L’attuale crisi della politica, dei partiti, della democrazia è sotto gli occhi di tutti. Aumenta la sfiducia verso le Istituzioni, dilaga la corruzione che chiama in causa trasversalmente tutti i partiti, questioni internazionali, il terrorismo ,gli immigrati, il senso di paura che ci attanaglia reclamano un impegno civile e politico all’altezza dei tempi. I media sono quotidiani, invasivi, pervasivi, sono ovunque. Dentro la comunicazione vengono veicolati i significati e le ragioni per cui si creano nuovi gruppi politici o partiti,per cui persone attratte da immagini di luminiscenza televisiva si mettono in viaggio verso un paese straniero,si alimentano fondametalismi religiosi, si bruciano bandiere, si fanno attentati. Dentro la comunicazione,il potere politico si legittima,impone i propri uomini,le proprie idee e detta i propri temi all’agenza politica,al dibattito pubblico,orienta l’opinione pubblica.
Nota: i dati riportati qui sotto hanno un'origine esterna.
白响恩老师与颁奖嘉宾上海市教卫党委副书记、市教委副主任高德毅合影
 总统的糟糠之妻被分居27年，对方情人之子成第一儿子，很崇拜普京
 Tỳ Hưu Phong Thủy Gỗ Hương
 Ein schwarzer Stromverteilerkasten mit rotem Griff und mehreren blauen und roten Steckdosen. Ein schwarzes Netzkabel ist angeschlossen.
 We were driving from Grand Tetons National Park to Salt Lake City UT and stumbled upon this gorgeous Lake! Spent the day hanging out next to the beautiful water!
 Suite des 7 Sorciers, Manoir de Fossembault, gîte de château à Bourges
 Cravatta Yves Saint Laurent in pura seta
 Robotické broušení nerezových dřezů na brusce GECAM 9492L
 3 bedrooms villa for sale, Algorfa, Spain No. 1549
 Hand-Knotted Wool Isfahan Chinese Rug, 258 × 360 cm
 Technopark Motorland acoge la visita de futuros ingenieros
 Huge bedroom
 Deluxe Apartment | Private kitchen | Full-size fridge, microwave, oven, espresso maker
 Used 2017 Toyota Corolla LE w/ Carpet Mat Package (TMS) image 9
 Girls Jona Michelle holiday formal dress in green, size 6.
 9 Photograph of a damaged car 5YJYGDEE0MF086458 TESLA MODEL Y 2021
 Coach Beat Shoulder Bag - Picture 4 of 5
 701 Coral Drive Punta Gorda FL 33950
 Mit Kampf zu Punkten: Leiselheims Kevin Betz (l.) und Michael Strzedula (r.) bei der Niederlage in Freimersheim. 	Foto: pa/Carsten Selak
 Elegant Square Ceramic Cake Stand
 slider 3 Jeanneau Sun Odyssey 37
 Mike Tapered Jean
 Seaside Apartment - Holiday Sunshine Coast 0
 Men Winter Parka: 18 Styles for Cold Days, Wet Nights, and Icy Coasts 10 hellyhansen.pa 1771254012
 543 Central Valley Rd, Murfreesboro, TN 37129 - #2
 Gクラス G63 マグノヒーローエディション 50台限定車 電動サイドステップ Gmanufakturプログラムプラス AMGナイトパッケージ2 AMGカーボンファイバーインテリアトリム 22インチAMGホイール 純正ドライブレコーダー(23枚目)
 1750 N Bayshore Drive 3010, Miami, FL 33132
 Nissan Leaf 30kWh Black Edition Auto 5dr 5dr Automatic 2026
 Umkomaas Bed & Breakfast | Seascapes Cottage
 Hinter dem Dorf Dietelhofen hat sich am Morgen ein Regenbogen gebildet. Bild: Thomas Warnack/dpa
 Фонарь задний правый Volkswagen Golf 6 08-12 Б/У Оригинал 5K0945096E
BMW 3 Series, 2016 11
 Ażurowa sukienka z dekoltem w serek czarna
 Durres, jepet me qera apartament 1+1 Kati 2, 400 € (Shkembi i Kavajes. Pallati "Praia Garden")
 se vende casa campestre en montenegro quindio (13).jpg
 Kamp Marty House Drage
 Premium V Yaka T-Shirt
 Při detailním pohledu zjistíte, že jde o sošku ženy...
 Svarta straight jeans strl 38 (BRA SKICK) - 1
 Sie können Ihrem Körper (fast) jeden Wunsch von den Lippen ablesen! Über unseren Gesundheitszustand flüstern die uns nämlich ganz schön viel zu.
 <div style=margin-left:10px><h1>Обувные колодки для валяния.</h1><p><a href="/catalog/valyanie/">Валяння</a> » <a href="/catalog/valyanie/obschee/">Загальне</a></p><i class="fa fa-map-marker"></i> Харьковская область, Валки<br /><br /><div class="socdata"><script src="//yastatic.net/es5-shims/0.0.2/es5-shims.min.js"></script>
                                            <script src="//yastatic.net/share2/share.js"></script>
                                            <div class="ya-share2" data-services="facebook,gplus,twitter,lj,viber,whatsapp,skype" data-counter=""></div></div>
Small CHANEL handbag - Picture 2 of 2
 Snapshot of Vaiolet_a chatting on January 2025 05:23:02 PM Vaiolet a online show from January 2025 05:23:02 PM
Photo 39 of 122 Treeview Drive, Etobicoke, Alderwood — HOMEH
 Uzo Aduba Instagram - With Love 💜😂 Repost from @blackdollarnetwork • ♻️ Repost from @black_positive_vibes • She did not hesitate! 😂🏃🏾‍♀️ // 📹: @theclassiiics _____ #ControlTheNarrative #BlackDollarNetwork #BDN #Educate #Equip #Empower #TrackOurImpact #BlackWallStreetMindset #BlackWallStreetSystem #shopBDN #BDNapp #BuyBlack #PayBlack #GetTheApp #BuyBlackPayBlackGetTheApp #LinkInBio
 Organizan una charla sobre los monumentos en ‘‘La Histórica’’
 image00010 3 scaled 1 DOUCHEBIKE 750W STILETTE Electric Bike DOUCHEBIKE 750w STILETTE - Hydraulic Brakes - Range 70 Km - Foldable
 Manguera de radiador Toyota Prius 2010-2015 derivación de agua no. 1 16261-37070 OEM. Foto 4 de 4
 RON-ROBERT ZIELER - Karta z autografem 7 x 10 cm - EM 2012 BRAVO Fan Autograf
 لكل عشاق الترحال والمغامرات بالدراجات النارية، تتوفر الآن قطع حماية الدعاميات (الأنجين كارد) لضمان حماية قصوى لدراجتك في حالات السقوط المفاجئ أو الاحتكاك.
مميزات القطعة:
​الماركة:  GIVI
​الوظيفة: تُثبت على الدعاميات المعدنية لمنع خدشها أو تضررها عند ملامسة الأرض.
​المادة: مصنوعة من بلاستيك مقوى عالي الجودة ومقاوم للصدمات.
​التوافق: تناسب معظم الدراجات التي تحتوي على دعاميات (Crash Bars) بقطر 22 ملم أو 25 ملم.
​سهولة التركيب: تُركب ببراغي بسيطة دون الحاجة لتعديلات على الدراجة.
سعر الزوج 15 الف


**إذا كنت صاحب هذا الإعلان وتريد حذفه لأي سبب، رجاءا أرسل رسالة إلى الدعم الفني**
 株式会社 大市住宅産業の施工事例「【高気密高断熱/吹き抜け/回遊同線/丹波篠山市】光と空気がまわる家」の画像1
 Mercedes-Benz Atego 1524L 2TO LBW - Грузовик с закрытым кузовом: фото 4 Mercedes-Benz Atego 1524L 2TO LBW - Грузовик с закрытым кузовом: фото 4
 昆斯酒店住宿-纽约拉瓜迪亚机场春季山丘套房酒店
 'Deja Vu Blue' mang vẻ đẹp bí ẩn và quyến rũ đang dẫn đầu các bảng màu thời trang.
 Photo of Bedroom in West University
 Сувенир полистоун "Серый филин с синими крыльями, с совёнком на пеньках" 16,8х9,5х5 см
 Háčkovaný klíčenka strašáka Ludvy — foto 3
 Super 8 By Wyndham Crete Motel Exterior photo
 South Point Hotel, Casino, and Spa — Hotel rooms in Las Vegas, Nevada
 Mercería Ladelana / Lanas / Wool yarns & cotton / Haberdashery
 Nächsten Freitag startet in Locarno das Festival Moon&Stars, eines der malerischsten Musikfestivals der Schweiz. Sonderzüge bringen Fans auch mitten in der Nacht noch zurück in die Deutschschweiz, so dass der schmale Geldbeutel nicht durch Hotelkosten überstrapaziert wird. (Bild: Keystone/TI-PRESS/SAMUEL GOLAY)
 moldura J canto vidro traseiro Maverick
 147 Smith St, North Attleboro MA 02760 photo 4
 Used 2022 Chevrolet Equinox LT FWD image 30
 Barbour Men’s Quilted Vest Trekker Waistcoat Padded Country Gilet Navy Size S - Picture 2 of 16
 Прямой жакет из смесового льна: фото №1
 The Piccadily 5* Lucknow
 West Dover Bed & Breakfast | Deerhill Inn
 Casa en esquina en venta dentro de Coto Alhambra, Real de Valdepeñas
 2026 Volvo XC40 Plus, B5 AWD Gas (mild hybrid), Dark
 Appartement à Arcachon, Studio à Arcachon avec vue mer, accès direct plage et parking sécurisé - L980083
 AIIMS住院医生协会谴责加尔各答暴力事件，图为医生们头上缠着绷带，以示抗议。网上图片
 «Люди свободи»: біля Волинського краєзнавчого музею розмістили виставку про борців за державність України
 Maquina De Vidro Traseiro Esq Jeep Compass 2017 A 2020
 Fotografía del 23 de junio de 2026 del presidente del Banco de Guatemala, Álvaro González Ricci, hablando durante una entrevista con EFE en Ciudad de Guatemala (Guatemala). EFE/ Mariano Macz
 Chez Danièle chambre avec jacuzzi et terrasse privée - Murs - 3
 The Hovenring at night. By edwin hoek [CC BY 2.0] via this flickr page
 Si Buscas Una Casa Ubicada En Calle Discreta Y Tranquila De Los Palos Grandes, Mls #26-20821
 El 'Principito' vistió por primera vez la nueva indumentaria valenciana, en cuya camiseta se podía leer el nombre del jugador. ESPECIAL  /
L’impegno politico è stato chiamato la forma più alta e nobile della carità e quindi non si può abbandonarlo al suo malinconico destino. Si ritiene che debbano essere sempre gli altri ad occuparsi della cosa comune,o peggio si pensa che siano tutti uguali,tutti rubano alla stessa maniera,per dirla con le frasi di una nota canzone. E così c’è un effetto perverso nella nostra vita quotidiana:appare impensabile per tante brave ed impegnate persone partecipare al cambiamento del Paese, alla politica, all’impegno civile. Al massimo c’è in qualche caso l’indignazione,un pò di questione morale,ma poco vicinanza alle questioni concrete,alla lotta contemplativa. Si tengono le mani in tasca o come ammoniva Emmanuel Mounier,un grande credente,mai politico di professione,attenzione a coloro che “hanno le mani pure perchè non hanno le mani.”
I credenti devono ritenere ancora più doveroso,un imperativo etico,impegnarsi per le città,per la politica.
Basta con l’essere omologati alla società degli individualismi,in cui conta e ha senso solo la realizzazione personale e non il bene comune.
E’ riduttivo pensare che l’impegno sociale dei cattolici possa limitarsi ad una semplice testimonianza o a collaborare per cambiare le storture della società. Certo la fede non pretende di imbrigliare in un rigido schema i contenuti sociali e politici,consapevole che costruire il bene comune impone di verificare la presenza di situazioni non perfette e mutevoli, anche contro la logica cristiana.
Possono portare i credenti una boccata di aria pulita,possono risvegliare menti e cuori ai più alti valori,possono attraverso la costanza,la perseveranza,la radicalità di scelte migliorare questo mondo.
Ma se poi anche coloro che si dicono cristiani di fronte ai ritornelli degli immigrati invasori o allo ius soli si tirano indietro,per calcoli politici,rinnegano quell’idea preziosa che è la politica per i credenti.Dobbiamo imparare a gestire ovunque con efficienza, solidarietà, rigore e lungimiranza le migliaia di richiedenti asilo che giungono sulle nostre coste, ma questo nulla c’entra con il diritto alla piena cittadinanza di chi da tempo in Italia regolarmente vive, studia, lavora e contribuisce e ancor meno con le politiche a sostegno delle famiglie con figli e dei vecchi e nuovi poveri.
Però attenzione ad arrivare lì, nelle Istituzioni, al potere e dimenticare le ragioni sottese a quell’impegno,le idee e i programmi che erano alla base, a quello sporcarsi le mani. Già nel 1918,il laico Antonio Gramsci denunciava questo rischio,questa incoerenza,questa doppiezza farisaica di coloro che arrivano al potere.” L’Italia è il Paese dove si è sempre verificato questo fenomeno curioso:gli uomini politici arrivando al potere,hanno immediatamente rinnegato le idee e i programmi d’azione propugnati da semplici cittadini.”